Having overcome their fair share of struggles, the Hughes family experienced the worst when Edward Hughes, a member from a long line the Elks, lost his life to cancer only six months after diagnosis. As a result, the increasing financial hardship compromised the academic pursuits of his two sons. With their mother’s help, Matthew and Luke Hughes sought financial assistance anywhere they could think of, but found relief with the Elks National Foundation’s Emergency Educational Grant Program. “Prior to hearing the news, I was very nervous that my brother and I would not be able to come up with the funds to pay our way through the final stages of our year.” Matthew explains, “I can not begin to express how grateful we were to receive such a generous grant.”

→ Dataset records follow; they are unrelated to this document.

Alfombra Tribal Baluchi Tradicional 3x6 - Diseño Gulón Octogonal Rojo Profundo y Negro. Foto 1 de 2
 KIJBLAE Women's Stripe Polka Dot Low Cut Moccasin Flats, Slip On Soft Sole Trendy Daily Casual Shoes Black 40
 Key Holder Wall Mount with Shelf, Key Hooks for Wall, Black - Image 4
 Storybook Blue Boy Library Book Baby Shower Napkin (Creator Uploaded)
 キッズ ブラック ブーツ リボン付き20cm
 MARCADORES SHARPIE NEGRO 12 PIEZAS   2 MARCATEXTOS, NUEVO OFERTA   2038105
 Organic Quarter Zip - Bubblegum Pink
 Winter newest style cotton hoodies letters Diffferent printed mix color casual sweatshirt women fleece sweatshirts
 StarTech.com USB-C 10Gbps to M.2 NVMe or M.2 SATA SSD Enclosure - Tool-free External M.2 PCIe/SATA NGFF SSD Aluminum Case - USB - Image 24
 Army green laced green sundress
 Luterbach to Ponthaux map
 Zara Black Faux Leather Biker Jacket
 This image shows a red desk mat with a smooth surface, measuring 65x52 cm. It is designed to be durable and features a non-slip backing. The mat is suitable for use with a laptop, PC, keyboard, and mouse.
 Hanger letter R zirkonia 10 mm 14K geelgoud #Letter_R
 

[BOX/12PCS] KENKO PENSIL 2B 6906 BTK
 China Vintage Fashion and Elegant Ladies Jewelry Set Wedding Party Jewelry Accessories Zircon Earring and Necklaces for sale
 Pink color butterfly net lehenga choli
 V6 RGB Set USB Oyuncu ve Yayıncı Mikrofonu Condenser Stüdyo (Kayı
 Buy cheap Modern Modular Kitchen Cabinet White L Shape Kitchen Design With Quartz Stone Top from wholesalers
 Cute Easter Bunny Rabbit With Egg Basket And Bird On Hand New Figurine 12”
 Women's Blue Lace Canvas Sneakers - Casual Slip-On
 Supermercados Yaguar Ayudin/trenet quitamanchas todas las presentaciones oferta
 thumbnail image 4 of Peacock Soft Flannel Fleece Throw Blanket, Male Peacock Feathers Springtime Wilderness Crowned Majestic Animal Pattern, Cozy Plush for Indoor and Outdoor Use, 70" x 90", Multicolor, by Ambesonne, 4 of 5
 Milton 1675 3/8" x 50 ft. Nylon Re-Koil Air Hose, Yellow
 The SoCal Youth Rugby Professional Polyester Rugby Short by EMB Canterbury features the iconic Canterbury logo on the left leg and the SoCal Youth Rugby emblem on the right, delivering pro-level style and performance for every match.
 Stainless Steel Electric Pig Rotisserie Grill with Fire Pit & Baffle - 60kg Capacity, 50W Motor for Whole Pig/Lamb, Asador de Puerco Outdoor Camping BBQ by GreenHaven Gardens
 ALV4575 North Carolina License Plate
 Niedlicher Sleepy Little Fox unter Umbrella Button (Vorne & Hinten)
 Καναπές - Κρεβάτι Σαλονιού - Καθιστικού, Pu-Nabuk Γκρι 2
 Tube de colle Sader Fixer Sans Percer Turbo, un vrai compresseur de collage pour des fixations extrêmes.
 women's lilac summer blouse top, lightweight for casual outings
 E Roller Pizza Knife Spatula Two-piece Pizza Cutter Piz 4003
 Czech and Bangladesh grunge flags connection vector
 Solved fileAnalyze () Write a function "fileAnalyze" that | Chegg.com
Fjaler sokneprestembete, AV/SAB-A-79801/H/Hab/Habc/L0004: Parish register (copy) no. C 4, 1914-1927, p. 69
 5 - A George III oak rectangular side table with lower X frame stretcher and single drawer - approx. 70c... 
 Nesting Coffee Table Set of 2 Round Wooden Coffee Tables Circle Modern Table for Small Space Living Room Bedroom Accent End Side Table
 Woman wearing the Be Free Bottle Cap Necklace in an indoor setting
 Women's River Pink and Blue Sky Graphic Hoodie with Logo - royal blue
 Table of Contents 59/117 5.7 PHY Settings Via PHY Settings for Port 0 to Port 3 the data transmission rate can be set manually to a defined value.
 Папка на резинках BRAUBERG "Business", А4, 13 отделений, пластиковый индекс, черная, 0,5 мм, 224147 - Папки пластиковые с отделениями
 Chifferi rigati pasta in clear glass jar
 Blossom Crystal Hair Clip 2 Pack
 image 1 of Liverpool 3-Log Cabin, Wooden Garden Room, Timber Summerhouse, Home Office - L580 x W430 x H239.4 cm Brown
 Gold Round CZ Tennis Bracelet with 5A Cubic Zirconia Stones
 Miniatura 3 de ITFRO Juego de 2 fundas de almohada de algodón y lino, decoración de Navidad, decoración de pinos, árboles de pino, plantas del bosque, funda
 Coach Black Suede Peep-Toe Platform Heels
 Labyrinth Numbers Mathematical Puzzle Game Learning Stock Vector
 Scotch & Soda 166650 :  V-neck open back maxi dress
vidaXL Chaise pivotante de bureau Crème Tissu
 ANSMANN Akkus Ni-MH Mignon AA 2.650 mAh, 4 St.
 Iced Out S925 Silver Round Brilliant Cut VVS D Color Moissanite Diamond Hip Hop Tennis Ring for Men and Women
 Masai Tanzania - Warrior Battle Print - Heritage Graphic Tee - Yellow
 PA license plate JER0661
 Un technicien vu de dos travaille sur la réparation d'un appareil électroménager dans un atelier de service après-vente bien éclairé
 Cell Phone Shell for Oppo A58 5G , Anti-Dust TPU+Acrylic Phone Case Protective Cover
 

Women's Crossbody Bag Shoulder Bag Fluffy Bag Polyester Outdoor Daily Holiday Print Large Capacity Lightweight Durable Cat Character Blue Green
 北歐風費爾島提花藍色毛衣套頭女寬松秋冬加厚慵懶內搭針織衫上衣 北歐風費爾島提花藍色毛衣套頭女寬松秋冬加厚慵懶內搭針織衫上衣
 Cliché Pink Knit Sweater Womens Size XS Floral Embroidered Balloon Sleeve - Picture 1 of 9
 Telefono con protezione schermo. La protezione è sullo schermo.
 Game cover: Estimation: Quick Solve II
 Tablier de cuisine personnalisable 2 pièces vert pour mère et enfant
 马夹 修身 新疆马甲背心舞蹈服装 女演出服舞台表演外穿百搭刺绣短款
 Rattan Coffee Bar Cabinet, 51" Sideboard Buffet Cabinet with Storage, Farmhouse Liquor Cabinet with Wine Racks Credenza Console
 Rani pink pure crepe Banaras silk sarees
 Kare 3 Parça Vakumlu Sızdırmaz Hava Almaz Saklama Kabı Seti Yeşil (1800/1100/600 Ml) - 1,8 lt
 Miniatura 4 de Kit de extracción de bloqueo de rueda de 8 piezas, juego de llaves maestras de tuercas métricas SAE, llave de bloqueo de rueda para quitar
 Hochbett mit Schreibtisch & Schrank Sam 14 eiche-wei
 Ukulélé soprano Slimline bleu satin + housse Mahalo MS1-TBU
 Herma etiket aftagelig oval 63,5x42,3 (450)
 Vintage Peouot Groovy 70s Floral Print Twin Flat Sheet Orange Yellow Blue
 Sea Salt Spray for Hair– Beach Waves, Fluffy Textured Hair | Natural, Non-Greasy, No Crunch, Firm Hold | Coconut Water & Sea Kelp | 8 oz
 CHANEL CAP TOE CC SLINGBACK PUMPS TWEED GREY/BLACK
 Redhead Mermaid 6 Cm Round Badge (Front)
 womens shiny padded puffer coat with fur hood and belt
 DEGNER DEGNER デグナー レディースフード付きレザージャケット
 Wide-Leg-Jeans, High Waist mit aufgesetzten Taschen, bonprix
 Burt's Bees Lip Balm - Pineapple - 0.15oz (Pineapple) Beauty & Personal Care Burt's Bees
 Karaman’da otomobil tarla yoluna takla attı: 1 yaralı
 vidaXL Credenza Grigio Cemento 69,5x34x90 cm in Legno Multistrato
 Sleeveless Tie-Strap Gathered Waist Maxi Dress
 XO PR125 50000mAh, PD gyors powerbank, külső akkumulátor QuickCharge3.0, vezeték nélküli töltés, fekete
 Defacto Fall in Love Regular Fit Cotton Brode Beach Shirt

While growing up in the inner city of Brockton, Mass., Matthew’s parents nurtured him and his brother with their love and self sacrifice. Education was always a priority. Matthew recalls his mother taking a janitorial job at St. Casimir’s so her boys could attend school there: “I went every day after school, before a sporting event, and on weekends with my mother to clean the school in order that her job would be lighter.” His commitment to help in the lives others did not stop there.
In choosing Boston College, Matthew felt a close connection with their Jesuit motto of being “Men and Women for Others.” Instead of relaxing over winter and spring break, Matthew volunteered on four house building projects in Appalachia and traveled to the Gulf Coast to volunteer after the devastation of Hurricane Katrina.
During his four years at BC, Matthew co-founded the group FACES, which helps alleviate racial tension on campus and gives voice to students on hot issues through dialogues within the dorms and beyond.
Matthew also co-founded Hoops for Hope: a 3 on 3 basketball tournament that donated proceeds to the Jimmy V. Foundation for Cancer Research. “Cancer is a devastating disease that I am so fortunate to have been able to fight” Matthew shares, “as it is the same one which has taken my fathers life. “ Mr. Hughes was very proud of his Elks participation and often spoke with enthusiasm about the days his sons might join the Order. He would no doubt feel good knowing that the Elks are helping his sons go to college.